Problem |
The line with "Ethernet Splitter, RJ45" marks the first line to copy, and the line with "Bunana Funny Bunny" marks the last. Transcribe that stretch of the data below exactly, without pictures.

Data for the task |
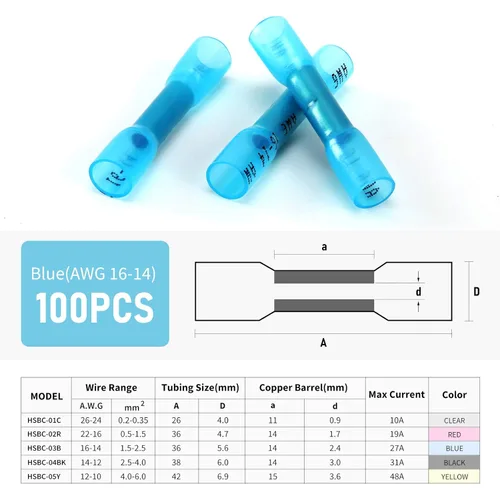 Miniatura 2 de 200 conectores de cable termorretráctiles de 16-14 AWG, conectores de cable eléctrico aislados, impermeables, terminales de crimpado de alambre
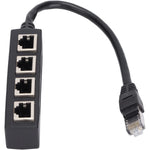 Ethernet Splitter, RJ45 1 Male to 4 x Female LAN Ethernet Splitter Adapter Cable Suitable Super Cat5,Cat5e,Cat6,Cat7 LAN Adapter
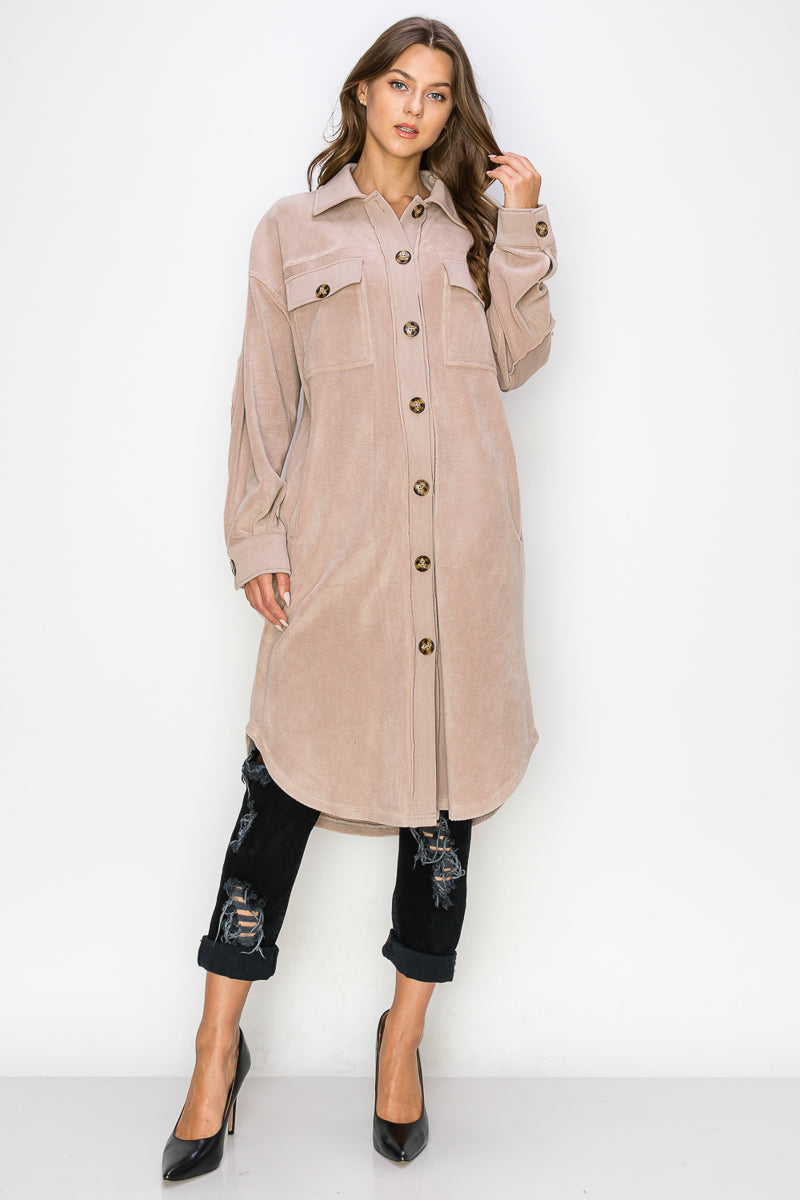 WK0029 Reverse Fleece Drop Sleeve Long Jacket - RUST / S - Burzip Wholesale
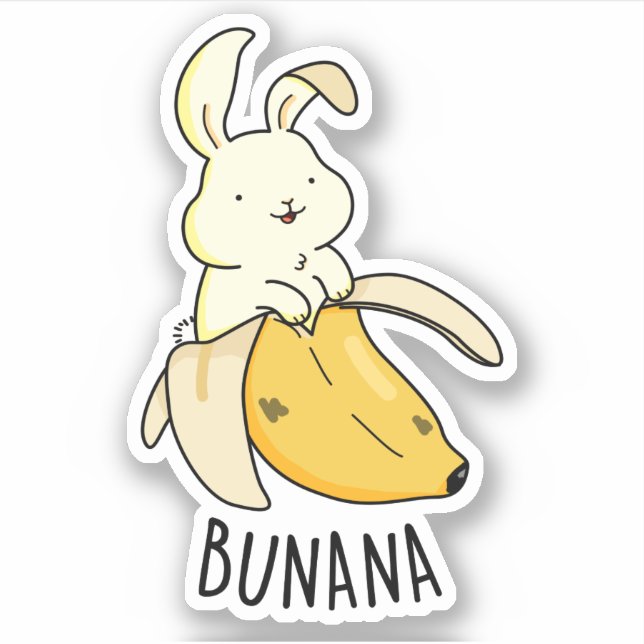 Bunana Funny Bunny in einem Bananenpuff Aufkleber (Vorderseite)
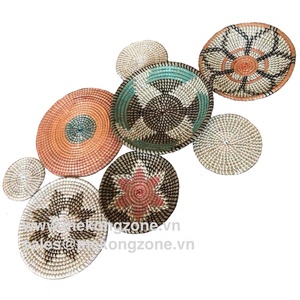 Ensemble de panier en jonc de mer bohème fait à la main Art décoratif mural du Vietnam Vietnam artisanat en jonc de mer pour la décoration intérieure - Product Image 1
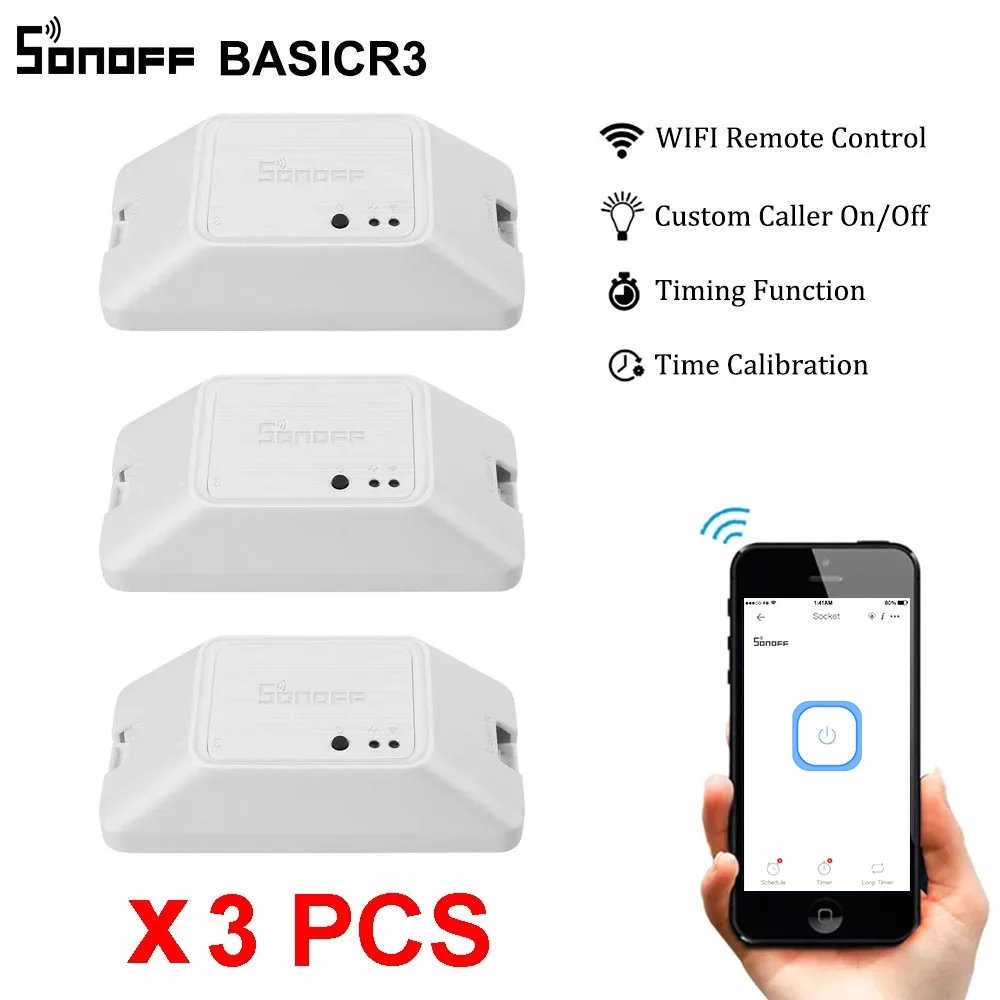 Дешевые 3 шт. SONOFF BASICR3 Wifi умный переключатель DIY модуль 10A беспроводной пульт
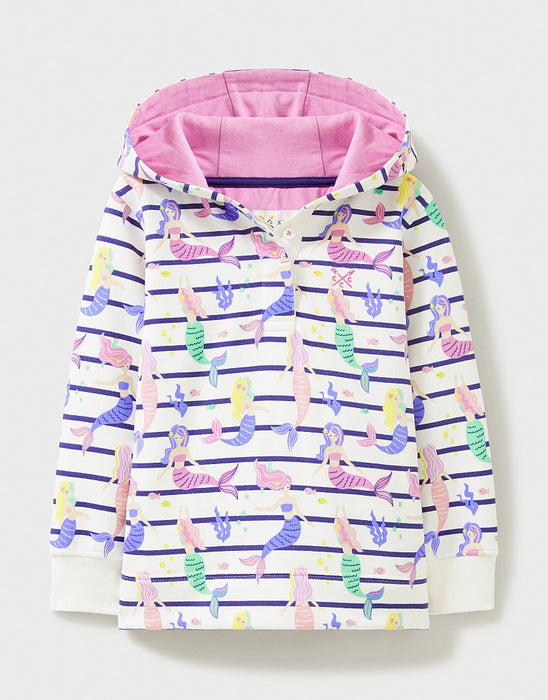 Crew Clothing Girls Hooded Half Button Sweatshirt In White Multi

Solution for this exercise |
 Ethernet Splitter, RJ45 1 Male to 4 x Female LAN Ethernet Splitter Adapter Cable Suitable Super Cat5,Cat5e,Cat6,Cat7 LAN Adapter
 WK0029 Reverse Fleece Drop Sleeve Long Jacket - RUST / S - Burzip Wholesale
 Bunana Funny Bunny in einem Bananenpuff Aufkleber (Vorderseite)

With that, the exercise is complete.